Top of Input data

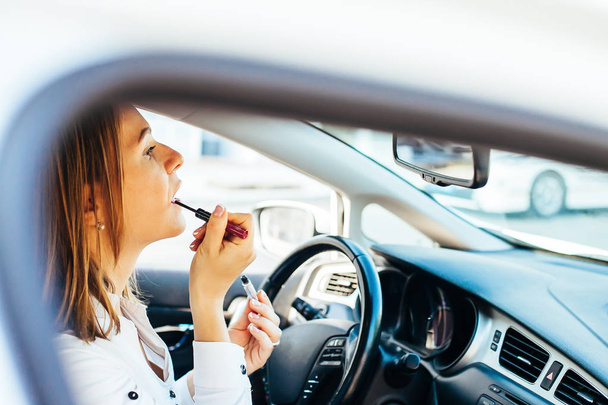 Business Woman paints lips in a car - Foto, afbeelding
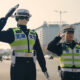 Two police officers in reflective vests saluting while standing in the street, directing traffic.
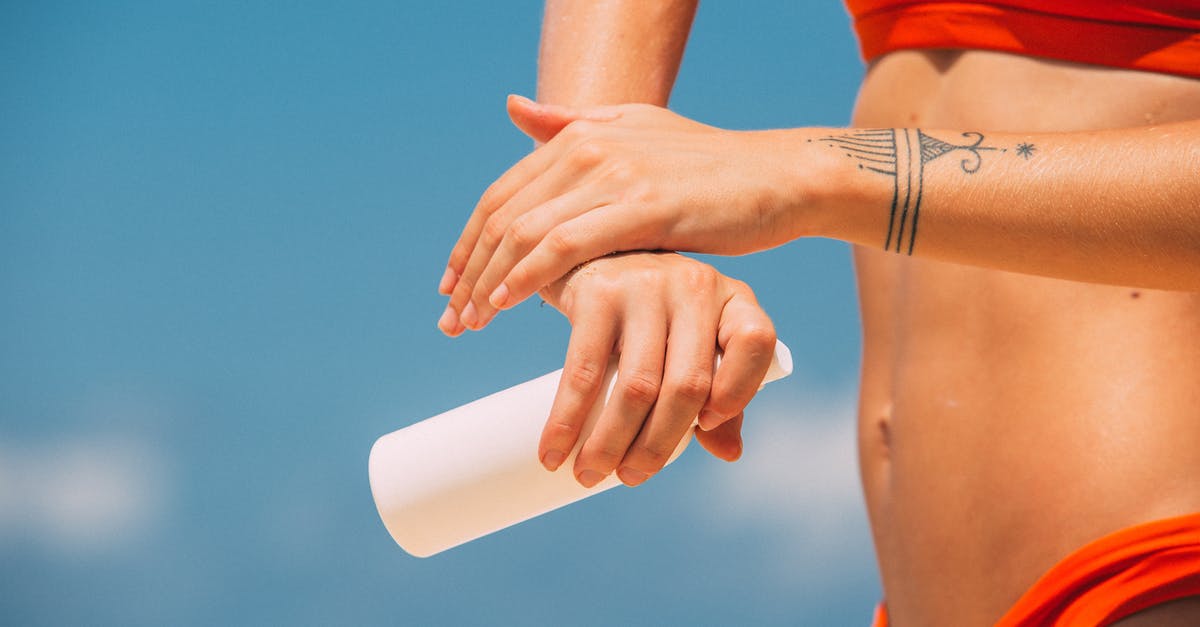 Spray bottle keeps spraying even when not squeezing trigger [closed] - Woman in Red Tank Top and Brown Leather Bracelet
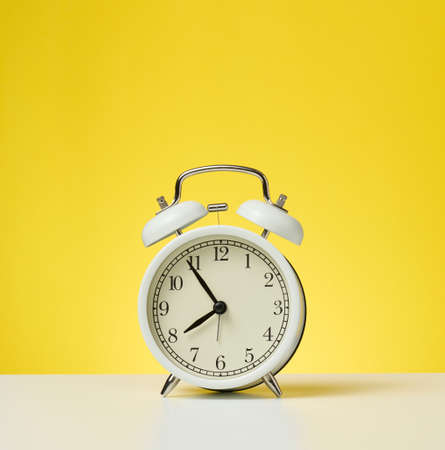 round white alarm clock, five minutes to eight in the morning. Yellow backgroundの写真素材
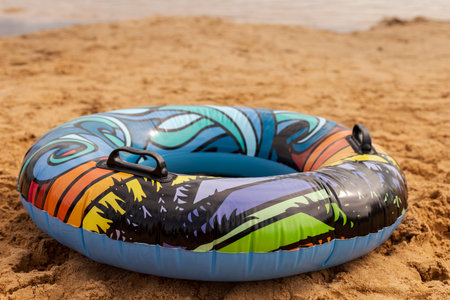 An inflatable tube with vibrant patterns sits on a sandy beach, ready for use on a warm day. The...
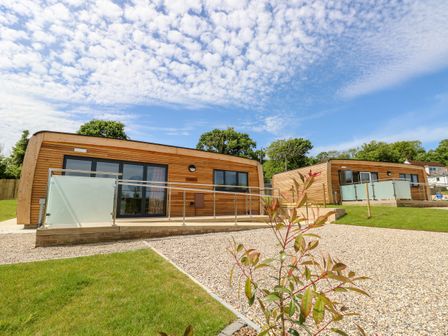 Two wooden modern cabins with glass railings on a gravel and grass lawn under a partly cloudy sky at Barolo in Seaview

Bottom of Input data

• [Required work]:
If an entry holds a picture, leave the picture out and repeat the rest exactly.

• [Your solution]:
 Business Woman paints lips in a car - Foto, afbeelding
 Two police officers in reflective vests saluting while standing in the street, directing traffic.
 Spray bottle keeps spraying even when not squeezing trigger [closed] - Woman in Red Tank Top and Brown Leather Bracelet
 round white alarm clock, five minutes to eight in the morning. Yellow backgroundの写真素材
 An inflatable tube with vibrant patterns sits on a sandy beach, ready for use on a warm day. The...
 Two wooden modern cabins with glass railings on a gravel and grass lawn under a partly cloudy sky at Barolo in Seaview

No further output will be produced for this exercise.